You’re over thinking it too much.
It’s really very simple: Figure out yoru total intake. If you’re trying to gain, you need to eat above maintenance every day. So, if you take it 2800cals on a training day you probably need less on a training day, but not below maintenance.
When I plan out my diets, I rarely look at total protein/carb/fat grams. I know if I get 4-6oz. of lean protein with each meal, I’m golden. I’ll hit my 1g/pound of bodyweight.

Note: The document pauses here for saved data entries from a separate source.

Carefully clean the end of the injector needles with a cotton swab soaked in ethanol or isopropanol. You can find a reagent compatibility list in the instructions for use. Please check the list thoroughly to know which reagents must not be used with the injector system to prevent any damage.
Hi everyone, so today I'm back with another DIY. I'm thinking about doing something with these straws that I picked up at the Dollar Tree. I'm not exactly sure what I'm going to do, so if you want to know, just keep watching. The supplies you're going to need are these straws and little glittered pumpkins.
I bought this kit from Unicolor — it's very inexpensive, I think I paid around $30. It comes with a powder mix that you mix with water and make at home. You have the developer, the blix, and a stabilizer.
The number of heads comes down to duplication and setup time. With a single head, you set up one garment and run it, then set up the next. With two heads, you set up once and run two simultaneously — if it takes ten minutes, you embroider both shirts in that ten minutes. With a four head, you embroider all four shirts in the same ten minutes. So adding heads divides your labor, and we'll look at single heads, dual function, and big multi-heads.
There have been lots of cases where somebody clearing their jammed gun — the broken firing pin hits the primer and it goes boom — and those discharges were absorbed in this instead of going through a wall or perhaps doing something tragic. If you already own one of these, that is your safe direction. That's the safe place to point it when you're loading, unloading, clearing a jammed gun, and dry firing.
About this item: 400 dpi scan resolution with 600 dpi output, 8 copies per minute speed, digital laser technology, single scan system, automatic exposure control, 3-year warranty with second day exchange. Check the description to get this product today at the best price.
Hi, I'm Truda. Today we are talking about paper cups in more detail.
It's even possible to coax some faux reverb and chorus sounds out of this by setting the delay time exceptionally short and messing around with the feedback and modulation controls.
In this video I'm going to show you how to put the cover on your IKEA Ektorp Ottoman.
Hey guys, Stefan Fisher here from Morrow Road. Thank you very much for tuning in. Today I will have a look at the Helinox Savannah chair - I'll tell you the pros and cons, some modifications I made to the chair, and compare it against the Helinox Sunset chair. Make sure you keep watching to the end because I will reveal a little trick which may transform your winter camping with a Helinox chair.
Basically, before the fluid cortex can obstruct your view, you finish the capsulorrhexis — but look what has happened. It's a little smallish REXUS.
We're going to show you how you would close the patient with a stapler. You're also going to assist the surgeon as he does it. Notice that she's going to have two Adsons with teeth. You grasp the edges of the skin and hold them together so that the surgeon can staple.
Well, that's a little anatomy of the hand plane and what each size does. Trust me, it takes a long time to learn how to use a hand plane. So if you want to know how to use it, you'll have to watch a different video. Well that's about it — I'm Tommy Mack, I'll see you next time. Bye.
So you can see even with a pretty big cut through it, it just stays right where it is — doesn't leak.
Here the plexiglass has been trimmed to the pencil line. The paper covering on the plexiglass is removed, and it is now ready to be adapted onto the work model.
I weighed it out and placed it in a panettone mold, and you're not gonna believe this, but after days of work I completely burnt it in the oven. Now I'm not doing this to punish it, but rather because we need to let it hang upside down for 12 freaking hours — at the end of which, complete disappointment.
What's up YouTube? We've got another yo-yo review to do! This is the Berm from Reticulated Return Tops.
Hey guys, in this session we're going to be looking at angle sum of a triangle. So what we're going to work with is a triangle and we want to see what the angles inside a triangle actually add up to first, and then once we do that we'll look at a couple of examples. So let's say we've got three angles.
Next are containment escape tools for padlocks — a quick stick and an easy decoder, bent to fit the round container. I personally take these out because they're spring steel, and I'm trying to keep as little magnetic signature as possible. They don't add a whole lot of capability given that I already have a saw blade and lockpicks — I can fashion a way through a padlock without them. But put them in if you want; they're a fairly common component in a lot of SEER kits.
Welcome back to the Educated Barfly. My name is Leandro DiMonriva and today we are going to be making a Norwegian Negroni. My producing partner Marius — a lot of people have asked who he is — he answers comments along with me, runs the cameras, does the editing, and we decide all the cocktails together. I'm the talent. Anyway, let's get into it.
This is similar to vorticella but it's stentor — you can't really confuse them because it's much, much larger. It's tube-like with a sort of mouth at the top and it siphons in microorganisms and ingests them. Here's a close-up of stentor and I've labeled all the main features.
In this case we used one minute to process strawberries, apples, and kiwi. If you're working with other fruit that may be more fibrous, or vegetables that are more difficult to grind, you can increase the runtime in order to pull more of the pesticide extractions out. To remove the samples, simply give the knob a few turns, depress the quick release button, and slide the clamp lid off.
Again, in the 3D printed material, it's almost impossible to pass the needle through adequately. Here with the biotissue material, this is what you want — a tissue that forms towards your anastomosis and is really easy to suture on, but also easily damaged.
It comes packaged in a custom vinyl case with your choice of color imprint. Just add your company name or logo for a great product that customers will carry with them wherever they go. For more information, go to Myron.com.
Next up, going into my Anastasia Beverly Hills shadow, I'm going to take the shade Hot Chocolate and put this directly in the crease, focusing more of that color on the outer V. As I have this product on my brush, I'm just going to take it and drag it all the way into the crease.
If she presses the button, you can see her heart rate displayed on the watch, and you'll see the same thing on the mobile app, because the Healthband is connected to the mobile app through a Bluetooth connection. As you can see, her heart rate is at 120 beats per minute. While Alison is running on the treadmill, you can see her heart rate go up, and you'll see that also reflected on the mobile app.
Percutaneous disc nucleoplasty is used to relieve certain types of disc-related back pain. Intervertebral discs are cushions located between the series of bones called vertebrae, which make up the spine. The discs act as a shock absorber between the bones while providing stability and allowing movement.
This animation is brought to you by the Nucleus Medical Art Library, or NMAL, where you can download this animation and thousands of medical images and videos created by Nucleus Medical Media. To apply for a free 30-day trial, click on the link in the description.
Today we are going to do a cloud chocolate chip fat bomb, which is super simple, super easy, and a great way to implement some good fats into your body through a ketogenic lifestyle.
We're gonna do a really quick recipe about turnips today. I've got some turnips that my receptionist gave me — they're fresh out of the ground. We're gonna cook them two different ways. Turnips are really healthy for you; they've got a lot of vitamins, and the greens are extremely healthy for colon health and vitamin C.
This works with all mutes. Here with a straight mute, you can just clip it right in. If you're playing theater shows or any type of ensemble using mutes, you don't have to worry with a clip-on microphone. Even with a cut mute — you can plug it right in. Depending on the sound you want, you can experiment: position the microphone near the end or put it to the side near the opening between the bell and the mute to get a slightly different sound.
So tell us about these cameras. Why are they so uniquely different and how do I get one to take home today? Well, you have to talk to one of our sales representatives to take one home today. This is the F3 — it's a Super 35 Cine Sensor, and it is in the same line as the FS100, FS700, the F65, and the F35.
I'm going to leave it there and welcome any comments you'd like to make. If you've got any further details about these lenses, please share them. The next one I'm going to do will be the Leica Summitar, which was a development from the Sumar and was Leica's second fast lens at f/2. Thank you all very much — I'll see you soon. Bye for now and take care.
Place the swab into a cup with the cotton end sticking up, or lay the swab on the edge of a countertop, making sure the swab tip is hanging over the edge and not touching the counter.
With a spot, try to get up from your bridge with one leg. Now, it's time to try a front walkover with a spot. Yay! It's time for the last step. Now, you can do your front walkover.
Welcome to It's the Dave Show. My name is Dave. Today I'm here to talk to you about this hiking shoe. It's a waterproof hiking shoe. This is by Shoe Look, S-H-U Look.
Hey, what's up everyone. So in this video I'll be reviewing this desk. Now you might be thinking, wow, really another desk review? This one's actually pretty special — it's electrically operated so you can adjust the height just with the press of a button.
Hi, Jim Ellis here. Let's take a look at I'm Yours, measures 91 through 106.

So, a high starch day would be:
meal 1: 1/2C oatmeal, 4 eggs, veggie, fish oil
meal 2: 2 scp whey, 1 tbsp evoo
(training session)
meal 3(PWO): 12oz. chocolate milk, 1 orange, 1 scp whey
Meal 4 (1 hour after meal 3): 1/2C oatmeal, 6oz. chicken, veggie
meal 5: 6oz. beef, 1oz. almonds, veggie
meal 6: 6oz. fish, 1tbsp evoo, veggie
meal 7: 1C cottage cheese, 2 tbsp natural PB
A non training day:
meal 1: 6 eggs, veggie
meal 2: 2 scp whey, 1 tbsp evoo
meal 3: 1 can tuna, 1oz. almonds, veggie
meal 4: 6oz. beef, 1 tbsp evoo, veggie
meal 5: 2 scp whey, 1 tbsp evoo
meal 6: 1C cottage cheese, 1 oz. almonds
Just focus on nailing down the meal composition for a few weeks. No starch days mean no starchy carbs, simple as that. Avoid them. You can use any carb source you want for the starch days, just pick one and go with it. I used oatmeal because it’s delicious and cheap. Focus on nailing all the meals down first, then listen to your body: if you don’t gain weight, add more calories (with increased fat/carb sources, or maybe more protein at each meal). If you are gaining, let the plan be for a while.
Make sense?
Note: the above was my plan during the semester. I had classes and work to interrupt my training/eating so more shakes and liquid nutrition became necessary. Not ideal, but better than not eating.